**DATA**:
--

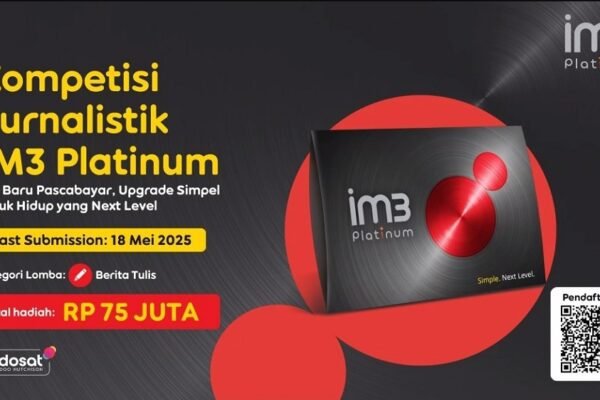 Kompetisi Jurnalistik IM3 Platinum IOH, Total Hadiah Lebih dari Rp75 Juta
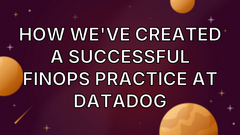 How we've created a successful FinOps practice at Datadog image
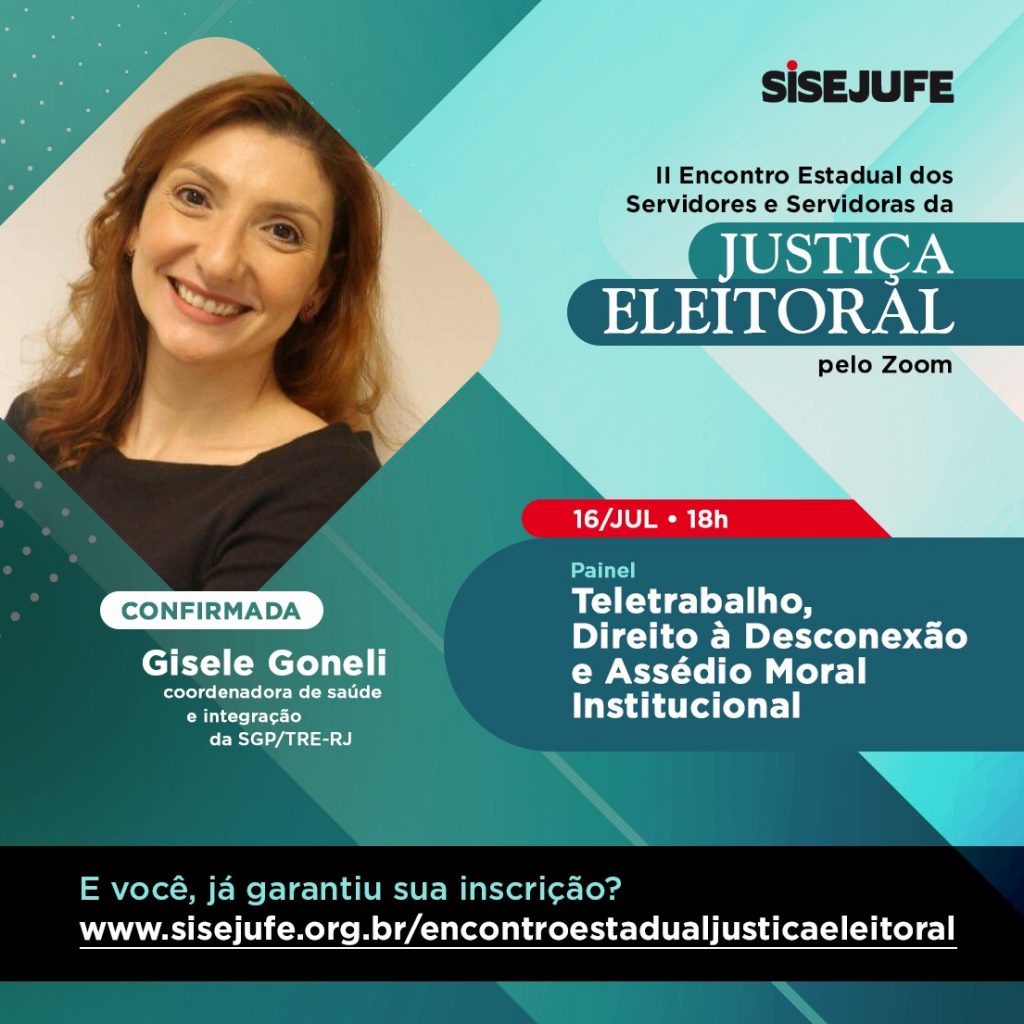 Sisejufe abre inscrições para 2º Encontro Estadual dos Servidores e Servidoras da Justiça Eleitoral, SISEJUFE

--

**PROMPT**: Exclude the pictures, and transcribe all of the material exactly.

**WRITTEN REPLY**:
 Kompetisi Jurnalistik IM3 Platinum IOH, Total Hadiah Lebih dari Rp75 Juta
 How we've created a successful FinOps practice at Datadog image
 Sisejufe abre inscrições para 2º Encontro Estadual dos Servidores e Servidoras da Justiça Eleitoral, SISEJUFE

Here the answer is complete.